:: PROVIDED DATA ::
- - -

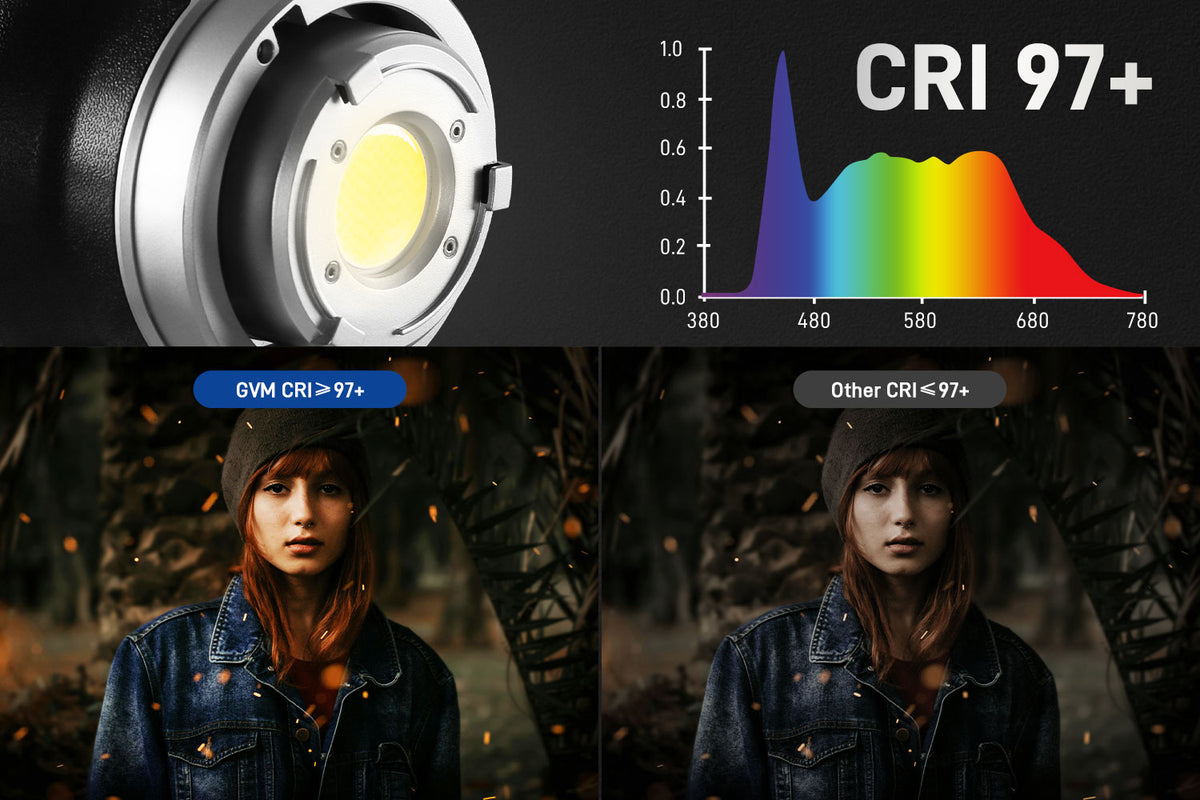 Exceptional Color Accuracy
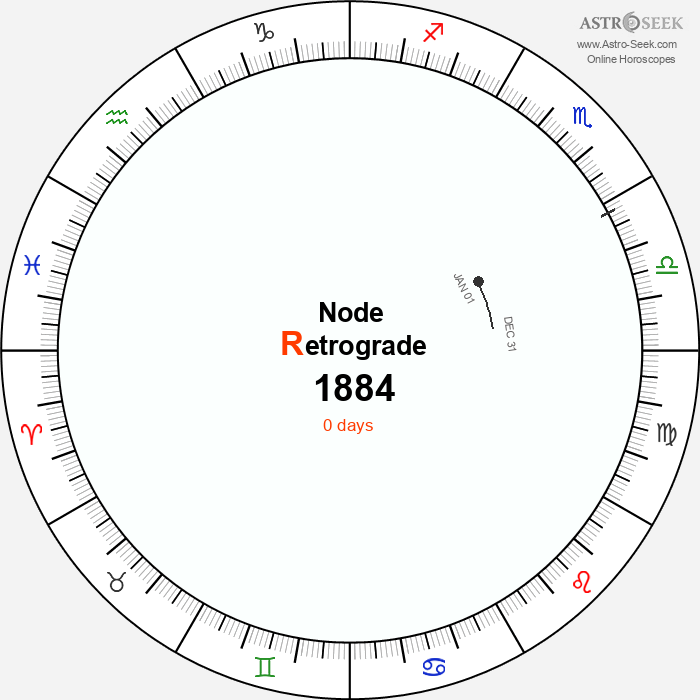 Node Retrograde Astro Calendar 1884
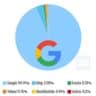Belgique : Google ultra-domine toujours la recherche sur Internet, mais... (stats mars 2020)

- - -

:: INSTRUCTIONS TO FOLLOW ::
No pictures belong in the output. It should reproduce exactly the lines from the one containing "Node Retrograde Astro Calendar 1884" through the end of the data, both ends included.

:: EXPECTED ANSWER ::
 Node Retrograde Astro Calendar 1884
Belgique : Google ultra-domine toujours la recherche sur Internet, mais... (stats mars 2020)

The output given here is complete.